Which brings us to another remarkable aspect of the psychology of the athlete: asceticism, self-sacrifice in the strive for perfection. Today it is even argued that the old asceticism of saints and hermits was restricted to athletes and sportsmen, manifest in the hardness of the training, the sober life, in ruptured muscles, day-to-night dedication in the search for better marks and results. These are the true “sacrifices” freely given in the name of the Olympic spirit. For this spirit, careers are abandoned, graduations held in check, brides forgotten…

Of course, like everything on this smoky planet, there is the dark side to the story. The unfortunate fraud of dropping:  the use of illegal substances to enhance performance and break records. There is also the political use of the athlete. The 1936 Olympics in Berlin was intended to demonstrate the superiority of the Aryan race by score results, a pretense soon crushed by the African American Jesse Owens in the 100 yard dash. More recently, in the cold war, the Soviet bloc athletes were given equestrian doses of hormones, which resulted in many victories, changes in sexual characteristics and terminal cancers.
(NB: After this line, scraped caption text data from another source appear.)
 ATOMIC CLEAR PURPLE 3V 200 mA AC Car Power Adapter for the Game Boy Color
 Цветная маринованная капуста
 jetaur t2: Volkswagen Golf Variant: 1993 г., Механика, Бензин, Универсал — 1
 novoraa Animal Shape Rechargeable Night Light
In the end, we are all mortals, even the Olympics heroes. After his victory, Jesse Owens made his living by exhibitions, racing against local athletes and even against horses. A smoker, he died on March 31st, 1980 at the age of seventy-six from lung cancer.
Stopped at a red light, a future competitor flashes by. Don’t laugh at him. We don’t notice on the outside, but in his heart burns the same fire that Prometheus stole from Olympus. He has not resigned to not being a god. If it were up to this mere mortal, we would all be gods. Even if with a carbon prosthesis were substituting his normal legs, he would go on running, leaping over obstacles, crossing barriers.